Aim of the exercise
Report each line of the records below that uses the word "Storage".
*** Opening Data supplied ***
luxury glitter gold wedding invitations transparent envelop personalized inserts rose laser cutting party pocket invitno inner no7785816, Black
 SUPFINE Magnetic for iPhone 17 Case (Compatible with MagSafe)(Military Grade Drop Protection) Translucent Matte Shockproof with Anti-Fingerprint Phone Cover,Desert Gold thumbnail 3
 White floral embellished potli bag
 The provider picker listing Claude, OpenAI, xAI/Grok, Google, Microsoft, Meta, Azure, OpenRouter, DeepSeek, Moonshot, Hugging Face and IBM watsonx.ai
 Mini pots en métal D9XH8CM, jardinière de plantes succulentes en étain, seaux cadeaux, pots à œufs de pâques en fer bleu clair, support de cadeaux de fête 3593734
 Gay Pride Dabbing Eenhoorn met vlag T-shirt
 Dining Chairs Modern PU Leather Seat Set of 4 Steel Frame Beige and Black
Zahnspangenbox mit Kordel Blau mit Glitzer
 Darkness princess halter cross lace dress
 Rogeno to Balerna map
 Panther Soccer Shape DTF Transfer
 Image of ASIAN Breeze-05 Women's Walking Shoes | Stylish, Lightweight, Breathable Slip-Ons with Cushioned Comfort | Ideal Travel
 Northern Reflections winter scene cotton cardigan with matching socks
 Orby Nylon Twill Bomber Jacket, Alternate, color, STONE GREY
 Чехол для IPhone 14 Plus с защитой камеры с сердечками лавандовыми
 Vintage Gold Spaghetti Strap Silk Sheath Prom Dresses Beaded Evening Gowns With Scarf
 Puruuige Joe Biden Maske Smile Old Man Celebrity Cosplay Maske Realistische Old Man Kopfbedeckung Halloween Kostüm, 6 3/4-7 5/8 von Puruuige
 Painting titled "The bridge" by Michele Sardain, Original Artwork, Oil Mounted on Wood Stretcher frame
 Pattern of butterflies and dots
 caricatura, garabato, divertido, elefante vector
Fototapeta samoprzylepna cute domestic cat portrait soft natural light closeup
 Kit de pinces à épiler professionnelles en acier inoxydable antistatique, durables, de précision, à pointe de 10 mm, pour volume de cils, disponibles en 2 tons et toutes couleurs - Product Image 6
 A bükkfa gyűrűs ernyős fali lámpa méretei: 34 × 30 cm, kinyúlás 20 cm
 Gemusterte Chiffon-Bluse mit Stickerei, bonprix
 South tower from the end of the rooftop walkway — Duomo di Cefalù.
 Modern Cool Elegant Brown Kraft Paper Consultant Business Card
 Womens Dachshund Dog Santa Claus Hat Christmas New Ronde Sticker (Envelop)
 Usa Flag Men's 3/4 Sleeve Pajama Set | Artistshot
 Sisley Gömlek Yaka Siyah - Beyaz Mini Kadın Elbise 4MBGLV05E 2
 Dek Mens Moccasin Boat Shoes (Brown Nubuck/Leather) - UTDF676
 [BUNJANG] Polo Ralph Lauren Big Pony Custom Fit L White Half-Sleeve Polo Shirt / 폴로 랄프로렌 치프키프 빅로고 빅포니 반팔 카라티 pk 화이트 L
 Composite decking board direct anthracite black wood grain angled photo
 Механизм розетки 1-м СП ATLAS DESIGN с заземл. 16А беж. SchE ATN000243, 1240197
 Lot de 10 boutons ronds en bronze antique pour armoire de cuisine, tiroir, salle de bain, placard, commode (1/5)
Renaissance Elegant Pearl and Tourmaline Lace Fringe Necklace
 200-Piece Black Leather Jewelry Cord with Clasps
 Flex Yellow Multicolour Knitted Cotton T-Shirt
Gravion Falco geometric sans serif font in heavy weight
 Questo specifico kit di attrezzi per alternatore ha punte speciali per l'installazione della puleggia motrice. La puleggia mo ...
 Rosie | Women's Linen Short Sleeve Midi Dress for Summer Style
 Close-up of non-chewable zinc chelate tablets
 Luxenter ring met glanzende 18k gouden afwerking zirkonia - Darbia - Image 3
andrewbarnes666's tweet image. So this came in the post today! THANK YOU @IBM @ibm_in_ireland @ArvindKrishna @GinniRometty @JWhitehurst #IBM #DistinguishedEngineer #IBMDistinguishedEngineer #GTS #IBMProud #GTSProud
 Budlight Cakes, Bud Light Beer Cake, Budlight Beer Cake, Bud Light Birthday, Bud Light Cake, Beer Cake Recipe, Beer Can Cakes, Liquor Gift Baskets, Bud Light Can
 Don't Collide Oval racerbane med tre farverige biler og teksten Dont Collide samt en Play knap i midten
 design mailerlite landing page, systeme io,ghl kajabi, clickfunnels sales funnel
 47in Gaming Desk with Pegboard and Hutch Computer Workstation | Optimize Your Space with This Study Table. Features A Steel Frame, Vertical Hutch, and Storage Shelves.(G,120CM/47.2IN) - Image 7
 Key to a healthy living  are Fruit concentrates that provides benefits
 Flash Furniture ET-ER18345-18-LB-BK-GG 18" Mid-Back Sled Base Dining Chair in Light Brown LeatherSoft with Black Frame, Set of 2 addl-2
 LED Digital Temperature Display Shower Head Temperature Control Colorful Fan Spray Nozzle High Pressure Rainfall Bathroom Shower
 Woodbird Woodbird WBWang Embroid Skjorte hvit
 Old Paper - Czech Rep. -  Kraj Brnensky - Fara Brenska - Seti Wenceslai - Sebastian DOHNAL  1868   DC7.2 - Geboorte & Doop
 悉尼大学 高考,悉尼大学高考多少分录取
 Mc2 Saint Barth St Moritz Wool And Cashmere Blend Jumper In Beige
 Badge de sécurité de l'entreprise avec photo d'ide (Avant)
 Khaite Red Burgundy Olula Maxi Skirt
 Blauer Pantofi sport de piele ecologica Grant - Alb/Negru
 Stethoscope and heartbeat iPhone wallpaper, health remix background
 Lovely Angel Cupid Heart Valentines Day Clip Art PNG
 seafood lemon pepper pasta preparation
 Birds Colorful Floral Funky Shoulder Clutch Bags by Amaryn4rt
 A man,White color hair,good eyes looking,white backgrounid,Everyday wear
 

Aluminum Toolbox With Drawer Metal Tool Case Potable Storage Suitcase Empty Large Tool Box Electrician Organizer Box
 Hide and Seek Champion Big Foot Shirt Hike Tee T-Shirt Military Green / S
*** Closing Data supplied ***
Exercise solution
 47in Gaming Desk with Pegboard and Hutch Computer Workstation | Optimize Your Space with This Study Table. Features A Steel Frame, Vertical Hutch, and Storage Shelves.(G,120CM/47.2IN) - Image 7
Aluminum Toolbox With Drawer Metal Tool Case Potable Storage Suitcase Empty Large Tool Box Electrician Organizer Box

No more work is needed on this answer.